(Given material)

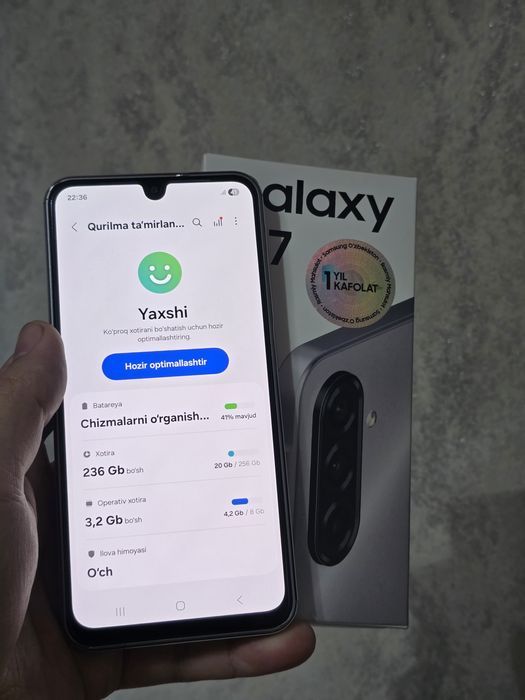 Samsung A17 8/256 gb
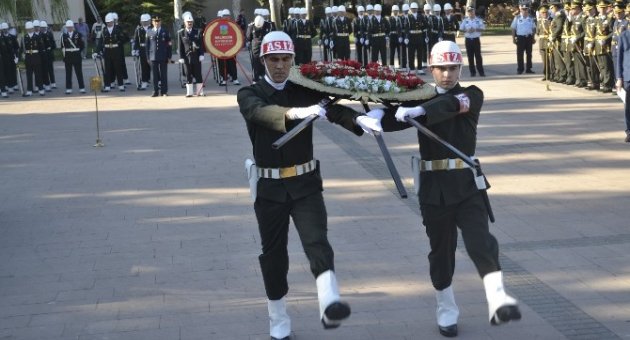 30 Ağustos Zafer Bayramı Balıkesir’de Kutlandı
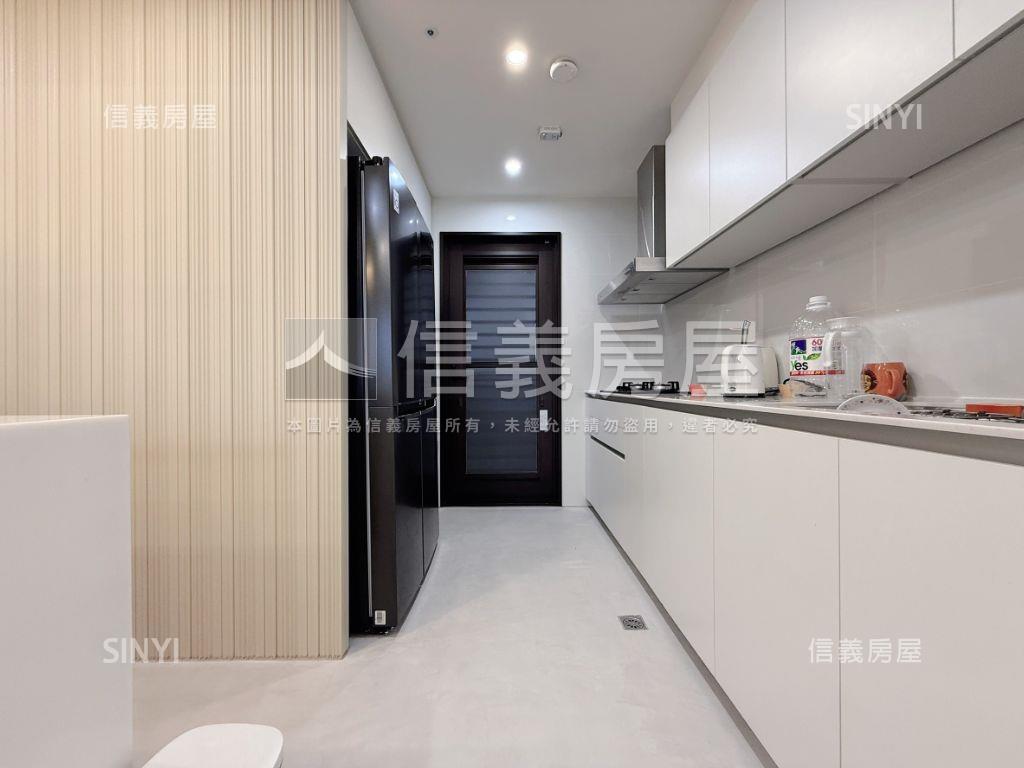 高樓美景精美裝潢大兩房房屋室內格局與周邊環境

(End Given material)

### Aim of the exercise
Give the data again word for word, without pictures.

### Solution below
 Samsung A17 8/256 gb
 30 Ağustos Zafer Bayramı Balıkesir’de Kutlandı
 高樓美景精美裝潢大兩房房屋室內格局與周邊環境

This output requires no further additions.